**Task instructions**.
Only the lines below from the one that contains "8501 Tidwell Road, Houston, TX 77028 8501" through the one that contains "Used 2023 Subaru" should appear in your answer, exact and without pictures.

**Record set**.
- Opening Delimiter -

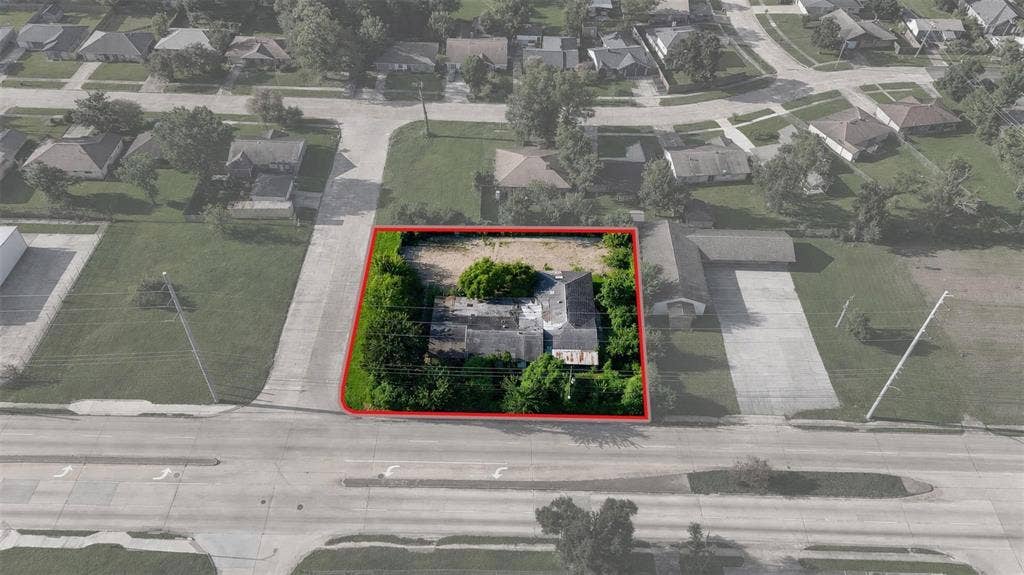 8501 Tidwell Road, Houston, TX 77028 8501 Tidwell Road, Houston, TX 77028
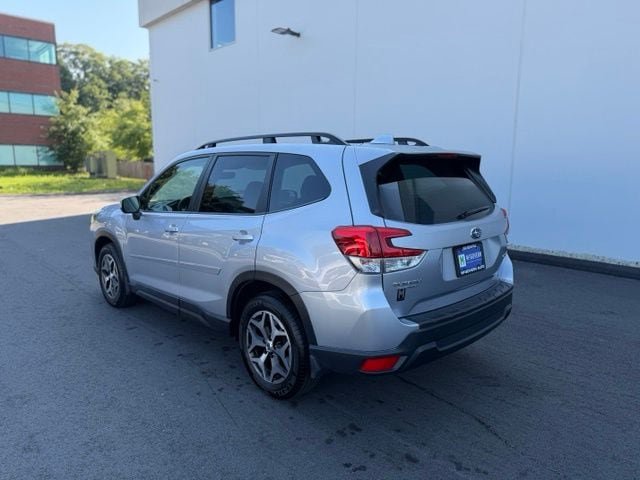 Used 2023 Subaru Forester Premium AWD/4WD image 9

- Closing Delimiter -
- Opening Delimiter -

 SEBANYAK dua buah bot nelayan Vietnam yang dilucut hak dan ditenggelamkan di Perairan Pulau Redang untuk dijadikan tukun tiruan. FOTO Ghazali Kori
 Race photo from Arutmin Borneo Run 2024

- Closing Delimiter -

**Solution for this task**.
 8501 Tidwell Road, Houston, TX 77028 8501 Tidwell Road, Houston, TX 77028
 Used 2023 Subaru Forester Premium AWD/4WD image 9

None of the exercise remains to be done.